Here are the parameters of the tlt-infer tool:

Required arguments

  • -m, --model: Path to the pretrained model (TLT model).

  • -i, --image: A single image file for inference.

  • -d, --image_dir: The directory of input images for inference.

  • -k, --key: Key to load model.

  • -cm, --class_map: The json file that specifies the class index and label mapping.

Optional arguments

  • --batch_size: Inference batch size, default: 1

  • -h, --help: show this help message and exit


The inference tool requires a cluster_params.json file to configure the post processing block.
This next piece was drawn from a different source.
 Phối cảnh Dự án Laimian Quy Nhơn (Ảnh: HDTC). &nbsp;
When executing with -d, or directory mode, a result.csv file will be created and stored in the directory you specify using -d. The result.csv has the file path in the first column and predicted labels in the second.


In both single image and directory modes, a classmap (-cm) is required, which should be a byproduct (-classmap.json) of your training process.
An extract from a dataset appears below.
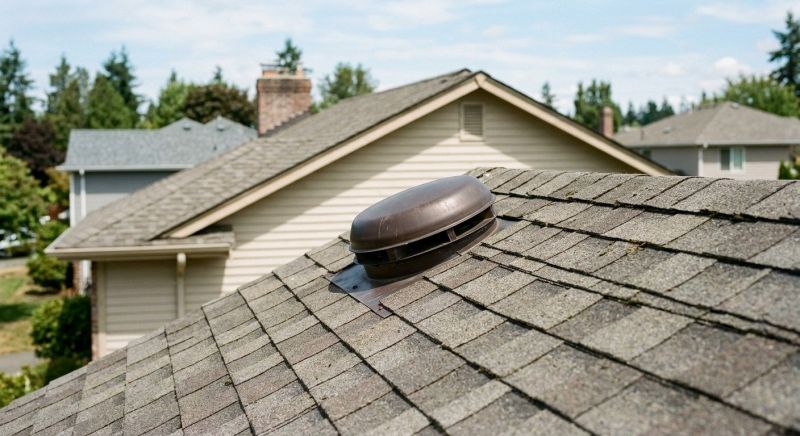 Roof Exhaust Installation in Manahawkin, NJ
Running Inference on a DetectNet_v2 Model

The tlt-infer tool for object detection networks which may be used to visualize bboxes, or generate frame by frame kitti format labels on a single image or a directory of images. An example of the command for this tool is shown here:

tlt-infer detectnet_v2 [-h] -e </path/to/inference/spec/file> \
          -i </path/to/inference/input> \
          -o </path/to/inference/output> \
          -k <model key>

Required Parameters

  • -e, --inference_spec: Path to an inference spec file.

  • -i, --inference_input: The directory of input images or a single image for inference.

  • -o, --inference_output: The directory to the output images and labels. The annotated images are in inference_output/images_annotated and labels are in inference_output/labels.

  • -k, --enc_key: Key to load model

The tool automatically generates bbox rendered images in output_path/images_annotated. In order to get the bbox labels in KITTI format, please configure the bbox_handler_config spec file using the kitti_dump parameter as mentioned here. This will generate the output in output_path/labels.

Running Inference on a FasterRCNN Model

The tlt-infer tool for FasterRCNN networks can be used to visualize bboxes, or generate frame by frame KITTI format labels on a directory of images. You can execute this tool from the command line as shown here:

tlt-infer faster_rcnn [-h] -e <experiment_spec> [-k <enc_key>]

Required Arguments

  • -e, --experiment_spec_file: Path to the experiment specification file for FasterRCNN training.

Optional Arguments

  • -h, --help: Print help log and exit.

  • -k, --enc_key: The encoding key, can override the one in the spec file.

Two Modes for tlt-infer

The tlt-infer command line for FasterRCNN has two modes. It can run with either TLT backend or TensorRT backend. This behavior is also controlled via the spec file. The inference_config in the spec file can have an optional trt_inference sub-field that specifies which backend the tlt-infer will run with. By default(if the trt_inference sub-field is not present in inference_config), tlt-infer will use TLT as the backend. If the trt_inference sub-field is present, it can specify tlt-infer to run at TensorRT backend. In that case, the model to do inference can be either the .etlt model from tlt-export or the TensorRT engine file from tlt-export or tlt-converter.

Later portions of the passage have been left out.